Il secondo fattore è rappresentato dalle sempre più evidenti difficoltà della Francia a controllare le sue colonie d’Oltre Mare. Un fattore di fine Impero che si abbina all’espansionismo cinese. Pechino non è la sola potenza emergente che sta minacciando il controllo occidentale sull’Africa. Anche la Russia, in modo più discreto ma altrettanto efficace, sta contribuendo al piano di rendere il Continente un polo economico indipendente anti occidentale.

La Russia ha intensificato l’influenza militare ed economica nell’Africa Centrale, strappando alla Francia il controllo della strategica e ricchissima Repubblica Centrafricana, dopo che la Cellula Africana dell’Eliseo ha creato una spaventosa guerra civile con forti componenti genocidarie per ottenere un governo sotto suo controllo e fallendo miserabilmente nell’intento. Mosca sta aumentando la cooperazione con l’Egitto con l’obiettivo di stabilire una presenza militare capace di controllare la principale rotta marittima utilizzata dall’Occidente: il Canale di Suez. Il controllo del canale, associato all’alleanza Russia-Iran, metterebbe in forti difficoltà l’Occidente che rischierebbe di perdere il controllo sul gran parte del Nord Africa, Corno d’Africa e Medio Oriente e sulle rotte marittime che collegano l’Europa con l’Asia: il Canale di Suez, lo stretto di Ba Al Mandab e lo stretto di Hormuz.

Il BUILD Act è l’atto finale di un doloroso processo di presa di coscienza da parte degli Stati Uniti che la sua politica dei ‘muscoli’ è fallimentare rispetto a quella del ‘Soft Power’ (potere soffice) adottata da Cina e Russia.
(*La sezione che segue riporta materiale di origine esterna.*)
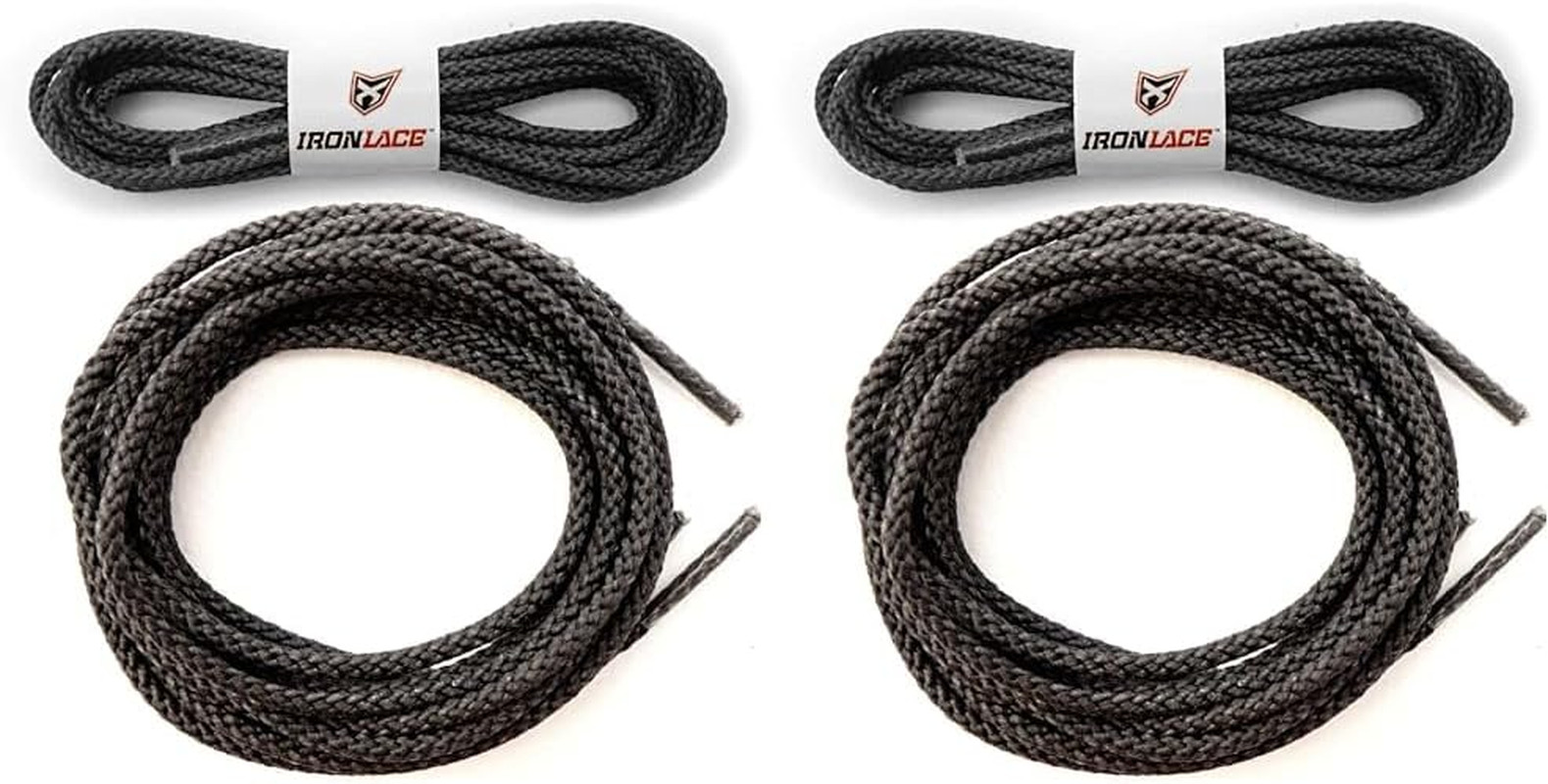 Unbreakable 1500-Pound Breaking Strength round Boot & Shoe Laces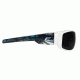 Edge Eyewear Caraz Apocalypse 2 Sunglasses, White &amp; Gray Cyber-Mechanical Frame, Smoke Lenses, HZ146-A2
Entrambe queste potenze emergenti non si stanno imponendo in Africa con la forza militare ma attraverso una aggressiva politica di investimenti conveniente ai partner africani in quanto mirata allo sviluppo economico del Continente e alla sua sovranità finanziaria rispetto alla secolare sudditanza verso l’Occidente. La Cina sta incorporando l’Africa nel suo progetto di dominio planetario attraverso la Via della Seta e sta avviando la rivoluzione industriale storicamente negata dall’Occidente. La Russia sta investendo in vari settori economici, produttivi, energetici e finanziari.

«Pentagono, Casa Bianca e Wall Street devono ripensare radicalmente le loro strategie militari, politiche ed economiche  in Africa» – avverte Emily Estelle un analista economico politico senior del Progetto Minacce Critiche dell’Istituto delle Imprese Americane – «Gli Stati Uniti devono andare oltre alla guerra contro il terrorismo islamico, iniziando a partecipare al futuro dell’Africa contribuendo a creare reciproca prosperità sostituendo i concetti di sfruttamento e rivalità che fino ad ora hanno governato la politica estera rivolta all’Africa con nuovi concetti di partenariato economico e mutui interessi basati su rapporti paritari».